(DATA FOR ANALYSIS):
((

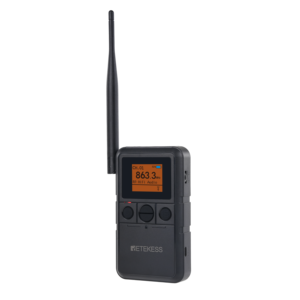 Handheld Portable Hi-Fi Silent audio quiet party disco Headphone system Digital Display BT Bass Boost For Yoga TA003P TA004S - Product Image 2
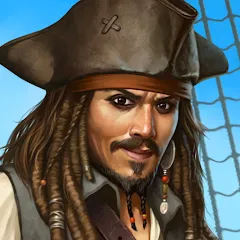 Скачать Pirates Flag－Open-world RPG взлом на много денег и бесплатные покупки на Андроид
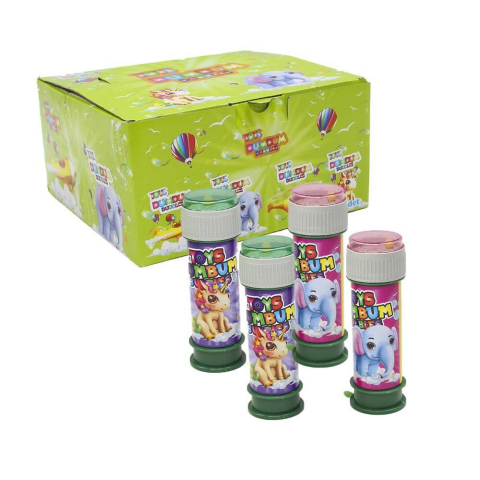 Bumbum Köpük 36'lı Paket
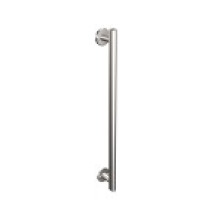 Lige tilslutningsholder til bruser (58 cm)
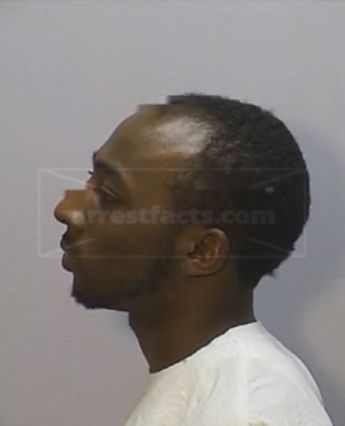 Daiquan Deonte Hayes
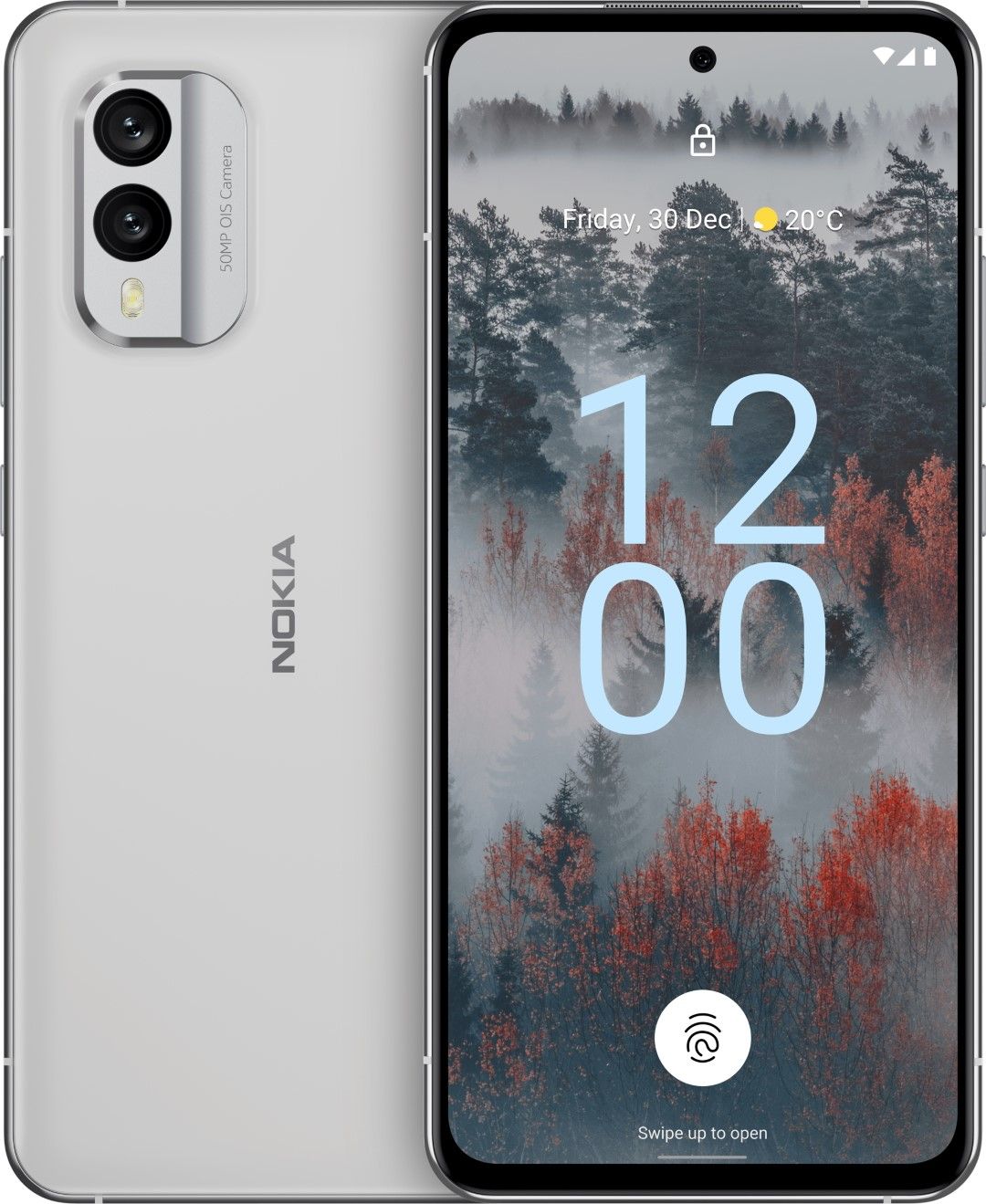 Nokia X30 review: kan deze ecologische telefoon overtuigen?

))
((

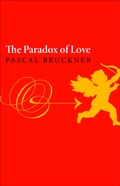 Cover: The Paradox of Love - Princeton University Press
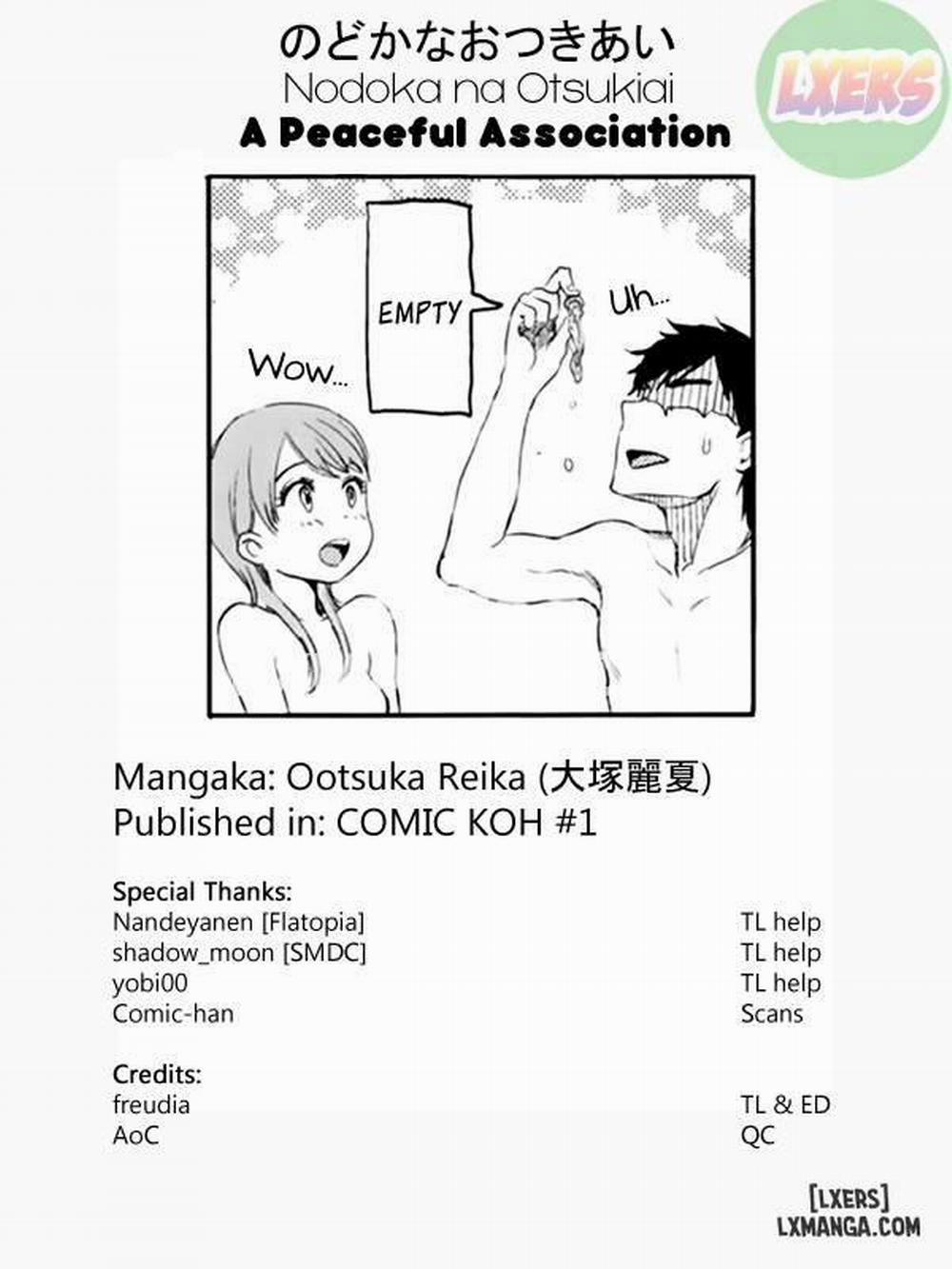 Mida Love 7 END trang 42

))
((

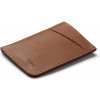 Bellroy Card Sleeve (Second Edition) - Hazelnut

))

Reproduce the entries exactly, from the line with "Handheld Portable Hi-Fi" to the line with "Bumbum Köpük 36'lı Paket", both lines included, keeping no pictures.

(ANSWER FOR THE TASK):
 Handheld Portable Hi-Fi Silent audio quiet party disco Headphone system Digital Display BT Bass Boost For Yoga TA003P TA004S - Product Image 2
 Скачать Pirates Flag－Open-world RPG взлом на много денег и бесплатные покупки на Андроид
 Bumbum Köpük 36'lı Paket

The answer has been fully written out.